Entrevistámo-lo no recém -inaugurado parque de dinossauros, na Lourinhã, a seguir ao almoço. Quando acabou a conversa, a meio da tarde, meteu-se no carro para uma reunião em Montemor-o-Velho, a que chegaria atrasado. É assim o dia a dia do presidente da maior região de turismo de Portugal, que engloba 100 municípios, de Ovar a Sobral de Monte Agraço. O crescimento a dois dígitos dão-lhe força anímica para continuar a defender o “seu” território, dolorosamente ferido pelo fogo do ano passado.
Acaba de assinar uma parceria com a Nissan para ajudar à reflorestação da zona afetada pelos incêndios. Em que consiste?
Pela primeira vez, um construtor mundial de automóveis tem preocupações reais em contribuir para o processo de reflorestação de um território que foi atingido por incêndios. Além disso, também dará um contributo inestimável para alterar aquilo que é hoje um dos pontos críticos do destino.
A que ponto crítico se está a referir?
A perceção de insegurança e do desinteresse pelo produto, uma vez que estamos a falar de territórios que tinham na paisagem, nos trilhos, nos circuitos pedestres, na floresta, o seu principal foco de atração.
O que esta parceria traz de inovador à onda de solidariedade que já existe para com este território?
De facto, temos tido manifestações de solidariedade de muitas autarquias, do Governo, de várias organizações não-governamentais. Porém esta, em concreto, é diferente, por comparação ao que seria expectável de um construtor de automóveis. Por cada quilómetro percorrido em carros elétricos ou híbridos, será calculada a quantidade de CO2 libertada se os veículos não tivessem essas características. Essa contabilização será convertida em novas árvores, as necessárias para compensar essa libertação e recuperar a pegada que os carros tradicionais deixam.

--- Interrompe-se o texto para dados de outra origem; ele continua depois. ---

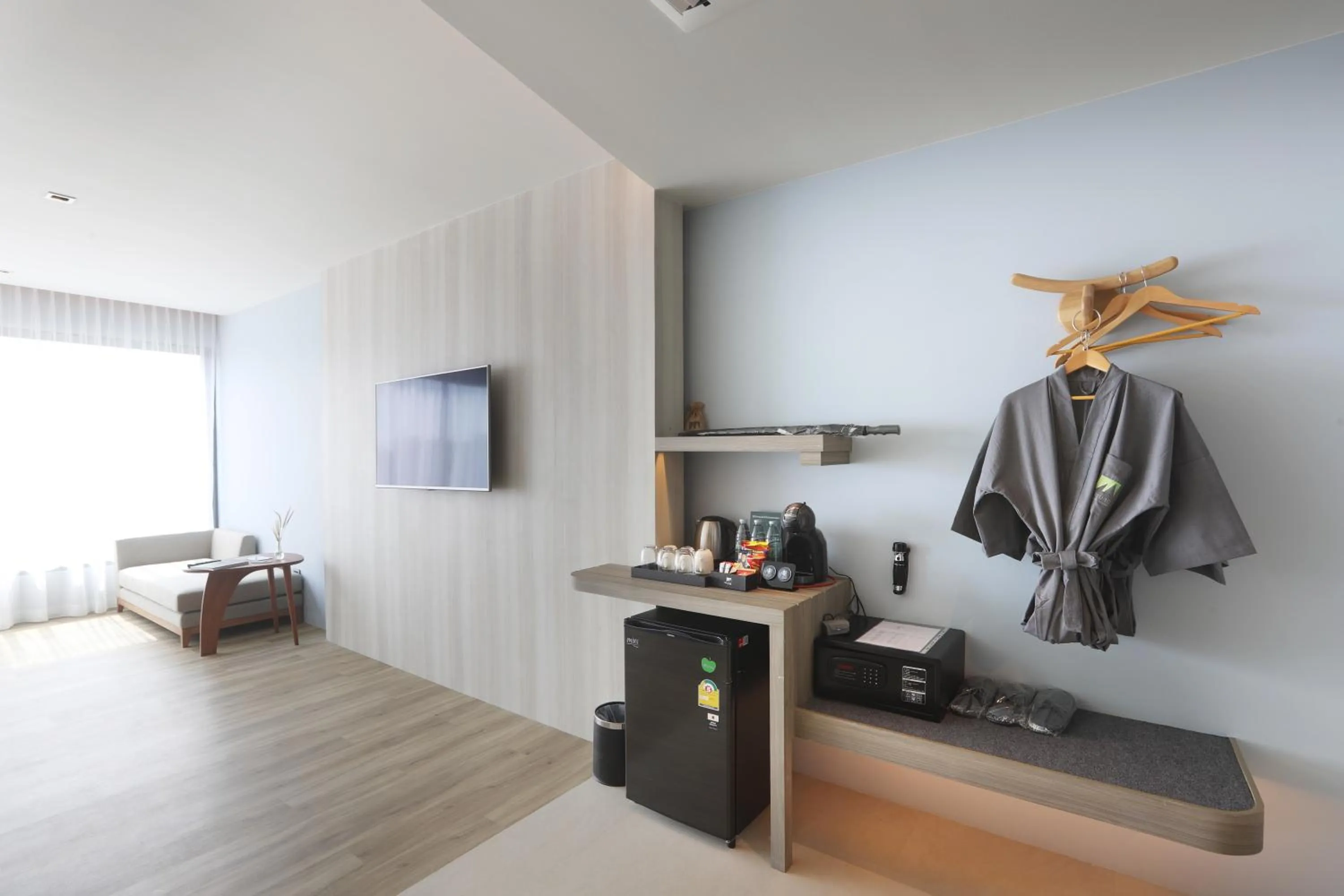 Photo of the whole room in The Signature Hotel Airport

Como é que isso será concretizado?
Através da parceria connosco e com o envolvimento do Instituto da Conservação da Natureza e das Florestas, que é responsável pela identificação dos territórios a reflorestar, das espécies a plantar, do número de árvores suscetíveis de serem plantadas.

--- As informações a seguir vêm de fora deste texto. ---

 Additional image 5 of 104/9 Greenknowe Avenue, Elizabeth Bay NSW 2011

Neste momento, há vários movimentos de iniciativa privada que andam no terreno. Há muitos movimentos espontâneos, como o da Ferraria de São João, onde a comunidade identificou a necessidade de reflorestar à volta da aldeia, criando um perímetro de segurança, em consequência dos incêndios de junho do ano passado. Decidiram arrancar as espécies consideradas nefastas e substituí-las por outras.
Mas também existem novas medidas oficiais para a floresta nacional?

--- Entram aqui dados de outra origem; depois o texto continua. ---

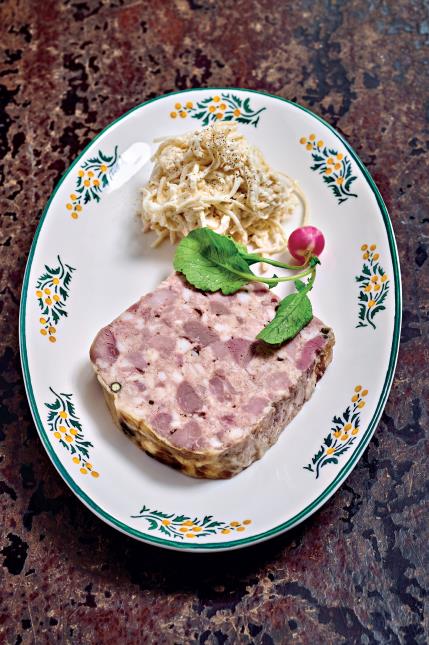 La Terrine de canard au poivre vert du chef étoilé Jean-François Piège.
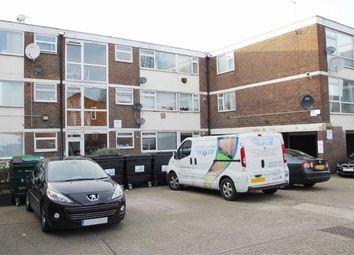 3 Bedrooms Flat for sale in Markfield Gardens, London E4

O Governo lançou, há três semanas, na Marinha Grande, o primeiro processo público de reflorestação que vai ser no pinhal de Leiria. E também esteve em Tondela, com um plano ambicioso para a recuperação sobretudo das indústrias e empresas afetadas pelos incêndios.
Como está agora o território, quatro meses depois dos últimos incêndios?
Em muitos casos, já há processos concluídos de recuperação das habitações – a prioridade. E partimos agora para outra ação prioritária: com o Turismo de Portugal, a Comissão de Coordenação da Região Centro e a Secretaria de Estado do Turismo desenvolvemos um conjunto de campanhas para que as empresas do setor consigam recuperar substantivamente a atração de fluxo turístico.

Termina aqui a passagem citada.